Aux bureaucrates français, elle peut offrir quelques carrières à Bruxelles pour avaliser les décisions germano-américaines, et reporter dans des cénacles les dispositions prises par d’autres. Ils pourront également briguer des postes en France en entretenant le peuple déclinant des bienfaits de « l’Union », comme ils l’appellent maintenant pour faire américains, et sur l’avenir radieux de la liberté collective, du socialisme à visage humain ou de la société ouverte et inclusive. Mais de responsabilités géopolitiques point.
L’avenir de l’armée française est un lent déclin, étranglée par les stagnations budgétaires et industrielles, vouée aux seconds rôles atlantistes. L’art de commander, à terme, s’en trouvera atteint, et participera du dépitement. De cette façon, l’avenir de la France est celui d’une province endormie sur un prestigieux passé à jamais révolu, une forme de provincialisme petit-bourgeois qui conviendra à certains.

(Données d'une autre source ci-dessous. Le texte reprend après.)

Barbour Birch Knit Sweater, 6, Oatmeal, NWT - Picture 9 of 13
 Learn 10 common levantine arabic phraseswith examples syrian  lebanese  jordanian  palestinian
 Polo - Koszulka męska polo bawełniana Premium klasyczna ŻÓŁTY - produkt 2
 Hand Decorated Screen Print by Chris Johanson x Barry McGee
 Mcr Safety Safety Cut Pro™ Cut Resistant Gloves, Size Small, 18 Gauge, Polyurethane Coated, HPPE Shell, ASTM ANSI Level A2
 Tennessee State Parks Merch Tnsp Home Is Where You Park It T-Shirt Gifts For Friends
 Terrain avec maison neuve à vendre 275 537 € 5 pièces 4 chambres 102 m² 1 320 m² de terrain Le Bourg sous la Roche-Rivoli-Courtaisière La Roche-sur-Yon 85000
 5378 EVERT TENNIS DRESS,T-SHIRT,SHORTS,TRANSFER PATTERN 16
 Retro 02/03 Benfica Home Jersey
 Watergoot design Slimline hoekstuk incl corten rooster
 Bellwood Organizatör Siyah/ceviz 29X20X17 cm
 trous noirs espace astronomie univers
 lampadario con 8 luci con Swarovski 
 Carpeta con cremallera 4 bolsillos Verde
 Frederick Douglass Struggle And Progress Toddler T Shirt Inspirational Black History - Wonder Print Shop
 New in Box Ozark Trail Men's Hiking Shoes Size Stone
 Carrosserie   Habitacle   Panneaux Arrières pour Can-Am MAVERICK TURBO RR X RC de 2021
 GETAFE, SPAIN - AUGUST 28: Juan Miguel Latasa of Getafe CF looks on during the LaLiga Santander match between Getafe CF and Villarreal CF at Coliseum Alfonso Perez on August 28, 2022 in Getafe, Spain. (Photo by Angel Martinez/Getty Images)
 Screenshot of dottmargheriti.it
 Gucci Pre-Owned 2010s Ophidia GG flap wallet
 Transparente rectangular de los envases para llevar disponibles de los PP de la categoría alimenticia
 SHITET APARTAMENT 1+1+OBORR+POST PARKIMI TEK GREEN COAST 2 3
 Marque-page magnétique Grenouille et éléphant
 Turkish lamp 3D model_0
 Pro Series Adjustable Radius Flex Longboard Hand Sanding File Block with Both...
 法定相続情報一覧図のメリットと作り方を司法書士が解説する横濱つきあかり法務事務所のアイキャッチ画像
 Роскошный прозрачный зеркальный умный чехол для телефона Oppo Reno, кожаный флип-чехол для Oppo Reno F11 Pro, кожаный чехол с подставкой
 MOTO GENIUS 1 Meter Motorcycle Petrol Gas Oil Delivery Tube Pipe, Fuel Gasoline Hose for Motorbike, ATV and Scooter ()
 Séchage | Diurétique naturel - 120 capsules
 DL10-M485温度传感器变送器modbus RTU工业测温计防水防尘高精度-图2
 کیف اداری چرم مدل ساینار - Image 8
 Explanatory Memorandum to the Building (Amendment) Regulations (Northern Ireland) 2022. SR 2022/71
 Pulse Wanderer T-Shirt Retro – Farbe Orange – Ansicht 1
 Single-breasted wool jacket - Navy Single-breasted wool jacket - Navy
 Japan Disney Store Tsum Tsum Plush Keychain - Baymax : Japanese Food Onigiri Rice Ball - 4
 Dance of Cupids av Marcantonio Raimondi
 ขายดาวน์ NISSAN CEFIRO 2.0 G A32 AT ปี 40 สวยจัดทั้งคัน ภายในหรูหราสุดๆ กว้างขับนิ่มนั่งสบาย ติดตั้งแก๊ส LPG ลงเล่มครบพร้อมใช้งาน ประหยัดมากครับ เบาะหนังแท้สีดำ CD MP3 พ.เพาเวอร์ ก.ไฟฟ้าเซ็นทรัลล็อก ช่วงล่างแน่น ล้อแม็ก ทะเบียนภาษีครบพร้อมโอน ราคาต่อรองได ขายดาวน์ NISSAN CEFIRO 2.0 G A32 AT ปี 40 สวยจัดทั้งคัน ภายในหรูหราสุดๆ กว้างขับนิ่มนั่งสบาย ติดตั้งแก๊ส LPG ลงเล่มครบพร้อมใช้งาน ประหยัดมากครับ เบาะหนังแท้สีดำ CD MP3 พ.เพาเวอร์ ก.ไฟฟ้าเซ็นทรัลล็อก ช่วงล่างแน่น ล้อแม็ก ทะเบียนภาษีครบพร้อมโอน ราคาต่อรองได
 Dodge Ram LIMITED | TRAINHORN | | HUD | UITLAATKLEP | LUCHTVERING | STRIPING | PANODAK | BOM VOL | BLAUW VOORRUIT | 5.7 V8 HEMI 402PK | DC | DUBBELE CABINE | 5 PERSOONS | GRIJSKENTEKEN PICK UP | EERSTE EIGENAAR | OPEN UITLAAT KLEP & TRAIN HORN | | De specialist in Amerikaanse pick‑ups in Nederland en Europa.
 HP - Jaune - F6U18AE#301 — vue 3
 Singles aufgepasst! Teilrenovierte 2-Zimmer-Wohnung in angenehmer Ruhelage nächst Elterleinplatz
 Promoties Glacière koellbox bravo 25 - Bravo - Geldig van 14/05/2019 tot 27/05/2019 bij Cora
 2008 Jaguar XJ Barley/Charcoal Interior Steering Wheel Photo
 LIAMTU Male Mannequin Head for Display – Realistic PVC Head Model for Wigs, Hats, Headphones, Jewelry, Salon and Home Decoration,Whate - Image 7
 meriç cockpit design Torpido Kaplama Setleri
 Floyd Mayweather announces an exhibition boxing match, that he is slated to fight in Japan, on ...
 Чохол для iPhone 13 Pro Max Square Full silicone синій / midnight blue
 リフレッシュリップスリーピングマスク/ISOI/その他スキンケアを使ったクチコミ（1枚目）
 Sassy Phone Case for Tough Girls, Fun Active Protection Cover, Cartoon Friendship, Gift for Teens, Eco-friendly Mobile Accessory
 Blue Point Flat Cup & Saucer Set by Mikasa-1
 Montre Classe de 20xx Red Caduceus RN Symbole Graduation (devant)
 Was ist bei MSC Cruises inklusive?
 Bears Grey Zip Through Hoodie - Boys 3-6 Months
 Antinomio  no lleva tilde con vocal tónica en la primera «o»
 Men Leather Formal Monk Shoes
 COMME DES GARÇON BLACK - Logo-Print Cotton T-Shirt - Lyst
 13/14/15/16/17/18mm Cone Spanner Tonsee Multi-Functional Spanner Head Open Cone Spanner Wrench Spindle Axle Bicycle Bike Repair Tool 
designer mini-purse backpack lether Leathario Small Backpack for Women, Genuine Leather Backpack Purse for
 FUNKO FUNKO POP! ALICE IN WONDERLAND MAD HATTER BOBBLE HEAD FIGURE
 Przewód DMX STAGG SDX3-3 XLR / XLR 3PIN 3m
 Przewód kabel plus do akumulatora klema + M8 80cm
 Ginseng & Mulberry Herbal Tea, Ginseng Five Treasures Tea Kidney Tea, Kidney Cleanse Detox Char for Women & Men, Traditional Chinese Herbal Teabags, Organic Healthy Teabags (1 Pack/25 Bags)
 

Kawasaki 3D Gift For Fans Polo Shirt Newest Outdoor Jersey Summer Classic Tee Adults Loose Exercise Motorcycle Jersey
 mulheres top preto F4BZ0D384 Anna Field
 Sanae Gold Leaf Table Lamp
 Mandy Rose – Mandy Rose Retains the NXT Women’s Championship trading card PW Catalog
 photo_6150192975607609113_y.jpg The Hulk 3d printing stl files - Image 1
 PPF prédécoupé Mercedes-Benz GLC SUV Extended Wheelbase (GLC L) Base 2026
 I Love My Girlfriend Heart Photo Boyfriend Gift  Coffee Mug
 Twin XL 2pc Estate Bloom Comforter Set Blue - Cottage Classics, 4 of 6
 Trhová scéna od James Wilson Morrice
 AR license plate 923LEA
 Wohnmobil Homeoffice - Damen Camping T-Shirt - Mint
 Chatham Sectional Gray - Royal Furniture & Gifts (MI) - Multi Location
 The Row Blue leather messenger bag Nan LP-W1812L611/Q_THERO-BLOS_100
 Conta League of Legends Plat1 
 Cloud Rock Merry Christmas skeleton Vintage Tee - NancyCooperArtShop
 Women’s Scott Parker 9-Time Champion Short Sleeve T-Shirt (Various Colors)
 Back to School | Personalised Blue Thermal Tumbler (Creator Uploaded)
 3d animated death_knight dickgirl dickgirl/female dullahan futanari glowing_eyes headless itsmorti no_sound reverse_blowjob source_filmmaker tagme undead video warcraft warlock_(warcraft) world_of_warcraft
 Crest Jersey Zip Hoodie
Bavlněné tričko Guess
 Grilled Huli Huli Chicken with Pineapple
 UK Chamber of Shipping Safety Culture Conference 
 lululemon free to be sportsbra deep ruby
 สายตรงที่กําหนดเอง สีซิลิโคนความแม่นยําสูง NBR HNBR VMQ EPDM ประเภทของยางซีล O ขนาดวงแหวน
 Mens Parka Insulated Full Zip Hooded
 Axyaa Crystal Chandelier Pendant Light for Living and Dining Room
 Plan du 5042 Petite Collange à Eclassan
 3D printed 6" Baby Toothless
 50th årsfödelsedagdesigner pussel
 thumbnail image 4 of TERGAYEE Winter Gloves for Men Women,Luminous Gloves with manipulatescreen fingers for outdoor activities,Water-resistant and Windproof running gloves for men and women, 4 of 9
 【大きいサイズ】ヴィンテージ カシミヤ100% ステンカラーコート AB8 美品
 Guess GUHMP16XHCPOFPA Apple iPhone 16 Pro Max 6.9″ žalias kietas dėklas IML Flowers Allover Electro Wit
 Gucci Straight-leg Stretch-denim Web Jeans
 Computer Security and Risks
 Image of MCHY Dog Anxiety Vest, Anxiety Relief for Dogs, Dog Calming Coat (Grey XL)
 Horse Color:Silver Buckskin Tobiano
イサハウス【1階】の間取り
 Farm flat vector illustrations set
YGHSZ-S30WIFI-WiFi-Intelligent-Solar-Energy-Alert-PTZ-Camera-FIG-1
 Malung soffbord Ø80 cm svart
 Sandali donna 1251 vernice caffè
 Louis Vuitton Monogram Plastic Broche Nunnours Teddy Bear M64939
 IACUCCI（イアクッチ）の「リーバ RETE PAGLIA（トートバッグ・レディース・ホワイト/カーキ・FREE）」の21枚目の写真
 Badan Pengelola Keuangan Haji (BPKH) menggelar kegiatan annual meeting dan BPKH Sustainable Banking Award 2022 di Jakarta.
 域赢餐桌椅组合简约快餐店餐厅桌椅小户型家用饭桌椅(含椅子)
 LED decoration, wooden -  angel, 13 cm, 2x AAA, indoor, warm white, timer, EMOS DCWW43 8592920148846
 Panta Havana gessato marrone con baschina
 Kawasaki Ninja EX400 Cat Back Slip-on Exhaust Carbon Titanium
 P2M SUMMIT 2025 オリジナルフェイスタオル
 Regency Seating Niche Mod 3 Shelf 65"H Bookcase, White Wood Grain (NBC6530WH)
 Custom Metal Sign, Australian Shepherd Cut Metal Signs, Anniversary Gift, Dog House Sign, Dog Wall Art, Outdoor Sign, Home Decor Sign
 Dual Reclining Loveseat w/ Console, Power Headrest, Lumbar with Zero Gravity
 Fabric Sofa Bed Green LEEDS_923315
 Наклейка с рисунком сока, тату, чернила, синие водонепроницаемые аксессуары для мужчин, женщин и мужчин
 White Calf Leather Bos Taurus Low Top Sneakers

C’est peut-être du constat et de la prise de conscience de l’impasse structurelle de l’UE pour la France, que viendra chez ces mêmes bureaucrates un désir d’imiter les Anglais. Rien n’est impossible, et l’Histoire nous montre quantité de retournements de ce genre. La Russie mène une politique de puissance avec un PIB égal à l’Italie. La France pourrait tout à fait jouer les francs-tireurs dans le capitalisme multipolaire qui émerge dans le monde, et trouver une forme d’équilibre entre ses attaches occidentales et ses aventures personnelles.